Exactly. At one end of the scale, you're not travelling through space (or practically-zero on a relativistic scale), and you're experiencing the full affects of time.
At the other end of the scale, you're travelling through space (or practically-C on a relativistic scale), and you're not experiencing time.
So the whole theory of zipping around space and coming home to find you've barely aged, is just spending more time at a higher "angle" than everyone else.
It is instantaneous from the perspective of the object’s internal clocks.
Traveling at the speed of light results in infinite time dilation. Which means that from the perspective of an outside observer, no time at all is passing inside the spaceship.
What happens to fields (magnetic, gravitational, electrostatic, etc) in that situation?
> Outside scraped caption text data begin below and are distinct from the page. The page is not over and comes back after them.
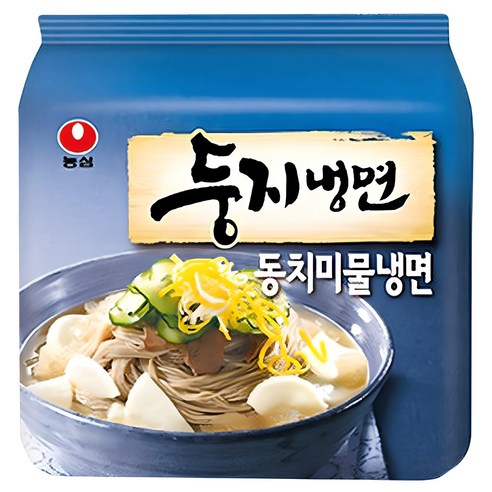 Nongshim Dungji Cold Noodle Multipack – Mul Naengmyeon (Soup) & Bibim Naengmyeon (Hot Sauce) 161g × 4 Pack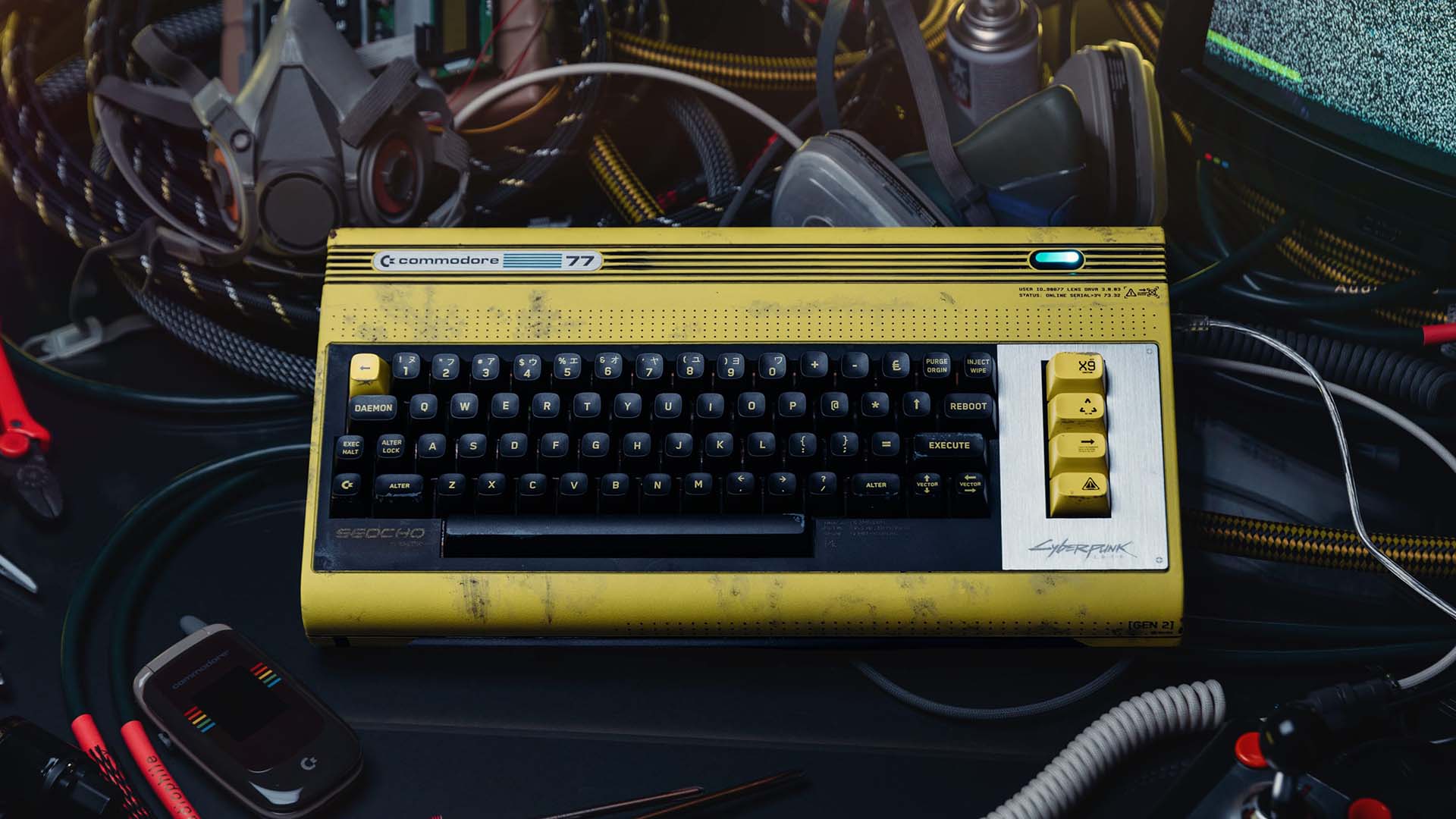 Commodore 77 FPGA เมื่อ C64 กลายเป็นเทอร์มินัลไซเบอร์พังก์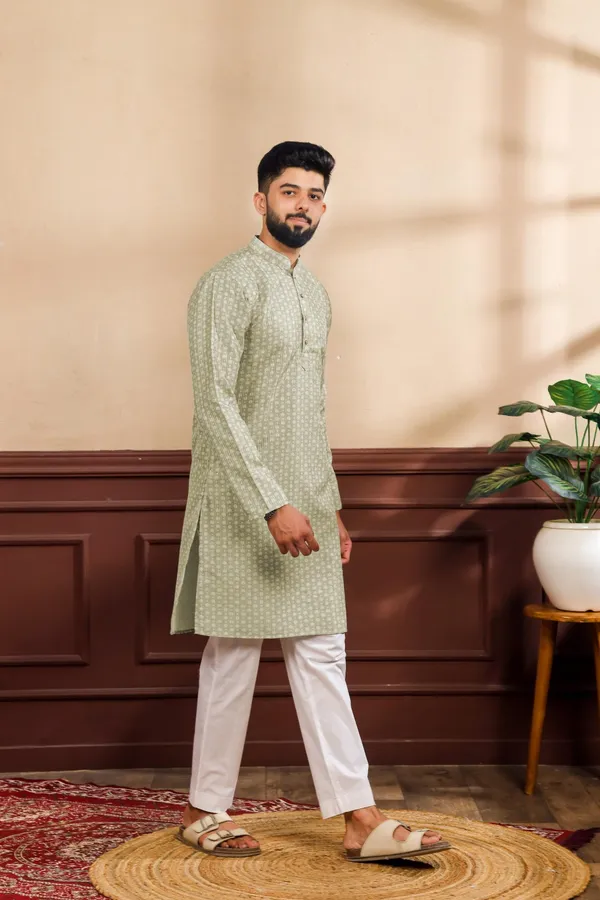 Light_Green_Sequin_Thread_With_Digital_Print_Kurta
E.g. can a photon 'feel' the surfaces it would ultimately interact with?
One way I like to think of this is the term 'sun-kissed'. From the perspective of the photon, the sun is actually giving you a kiss on a summer day.
'feel' the surfaces it would ultimately interact with
I would like to see the map of the universe at different potential speeds (or thrusts). E.g. you choose a point in space nearby the sun. At thrust zero you only see hot sun everywhere, because there you go anyway. But at greater thrusts the sun turns into a circle and you start to see sections of the “sky” where you could land, given the thrust is constant. Some areas would be still black because of blackholes, orbits and event horizon. I always wanted that simulation but never found it. It would be much more interesting than just looking around via reversed photons flying into your eyes.
That depends on how you define 'conservation of energy'. Consider an arbitrary bounded volume of spacetime. Conservation of energy says that the net flow across the boundary of any such volume is 0. Under this definition moving in space but not time is not a violation, as the same amount of mass enters the volume as exits it. The only odity is that both events happen at the same time
The idea is that the volume we are talking about is a 4 dimensional volume of space-time and is bounded; not a three dimensional volume of space that extends to infinity along time.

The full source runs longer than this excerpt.